Exclusive insight for TMI subscribers! Northern Trust Asset Management share a monthly market commentary for treasurers.

Eurozone Market Update

As expected, the ECB cut interest rates by 25 bps at its early June meeting. It remains on track to lower rates to 2% and markets are pricing a terminal rate between 1.5% and 1.75%. Chief Economist Philip Lane confirmed the ECB’s June forecasts will assess US trade risks, reinforcing the dovish outlook. Governing Council member Pierre Wunsch supported continued easing but warned rates may need to rise again in 2026 if global trade tensions intensify. Tariff uncertainty is already weighing on sentiment, with the composite PMI slipping into contraction at 49.5, led by a sharper-than-expected drop in services, highlighting rising downside risks to growth.

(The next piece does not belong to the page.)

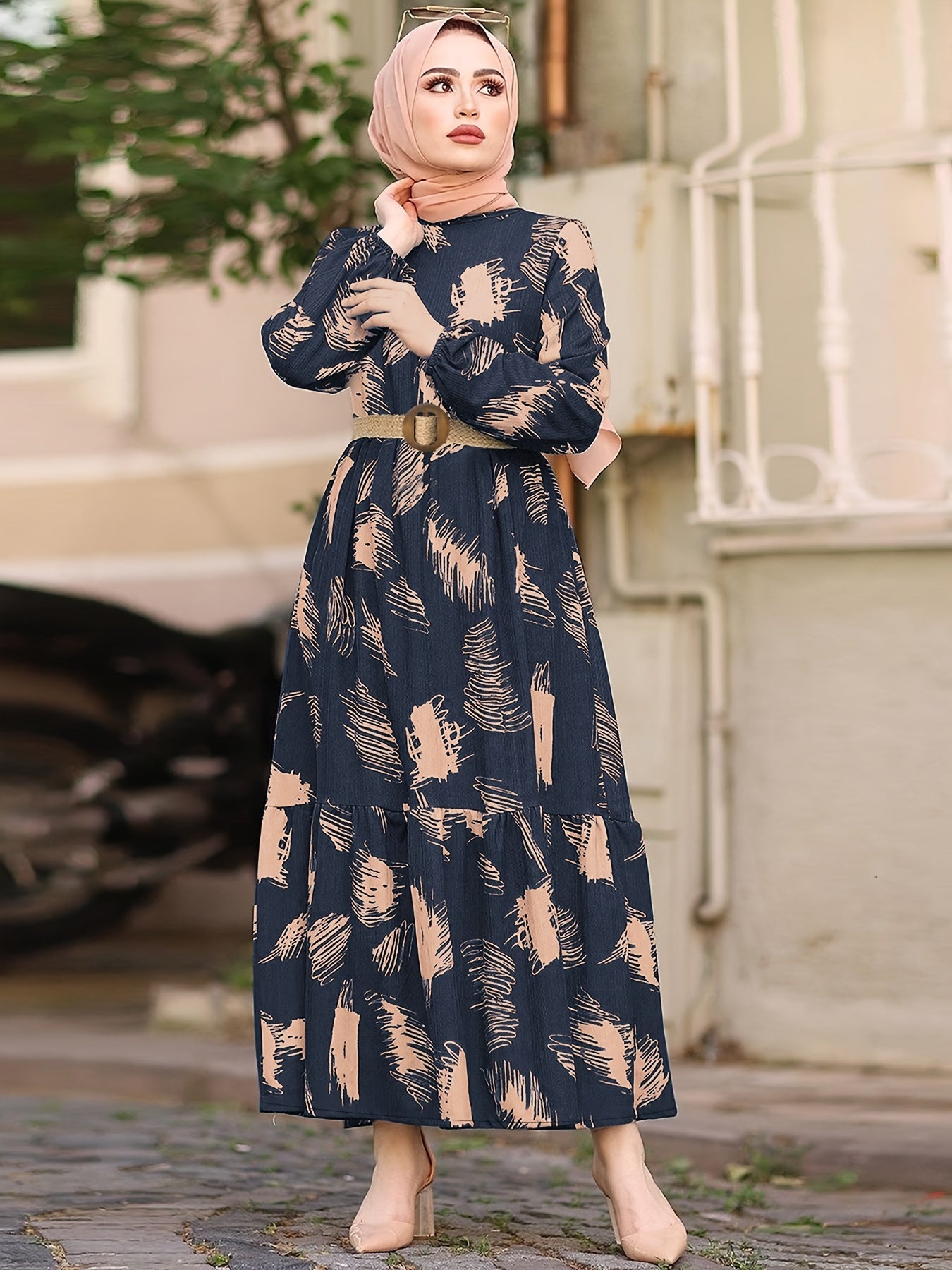 Ramadan All Over Print Crew Neck Kaftan, Casual Long Sleeve Maxi Dress, Women's Clothing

Source: Bloomberg, data as of 30 April 2025

UK Market Update

The BoE cut the Bank Rate by 25 bps to 4.25% in May, but a 2-5-2 MPC split signalled greater internal divergence. Two members voted for a larger cut, while Chief Economist Huw Pill and one other preferred to hold. Pill described his decision as a “tactical pause,” citing stubborn services inflation, which rose to 5.4% in April. His comments triggered a 4 bps intraday rise in 10-year gilt yields as markets reassessed the pace of policy easing. Governor Andrew Bailey reiterated a cautious, data-driven stance, prompting markets to push back expectations for the next cut. The BoE upgraded its 2025 GDP forecast to 1.0% and sees inflation peaking at 3.5% in Q3. Meanwhile, the UK secured a trade deal with the US featuring exemptions on steel and autos. A summit with the EU signalled some closer cooperation but limited integration, with the revised EU deal projected to boost UK GDP by just 0.2% by 2040.

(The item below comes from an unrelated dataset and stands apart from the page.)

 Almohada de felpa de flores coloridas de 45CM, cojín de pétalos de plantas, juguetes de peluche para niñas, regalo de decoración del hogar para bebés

Source: Bloomberg, data as of 30 May 2025

US Market Update

The Fed held rates in May, with Chair Jerome Powell reaffirming a cautious, data-dependent stance amid elevated uncertainty. Market futures continue to price in four cuts over the next 12 months, compared to the Fed’s projection of two to three. We expect two, with a third possible if downside risks emerge. Legal challenges to the “Liberation Day” tariffs added to trade uncertainty; a federal court ruled the measures exceeded presidential authority, but an appeals court temporarily reinstated them. A US-UK deal secured exemptions for key US exports, including steel and aviation. Meanwhile, Moody’s downgraded the US to Aa1, becoming the final agency to strip the country of its AAA rating, citing rising debt and interest costs. The market reaction was muted, unlike S&P’s 2011 downgrade, reflecting continued confidence in US Treasuries’ 'safe-haven’ status.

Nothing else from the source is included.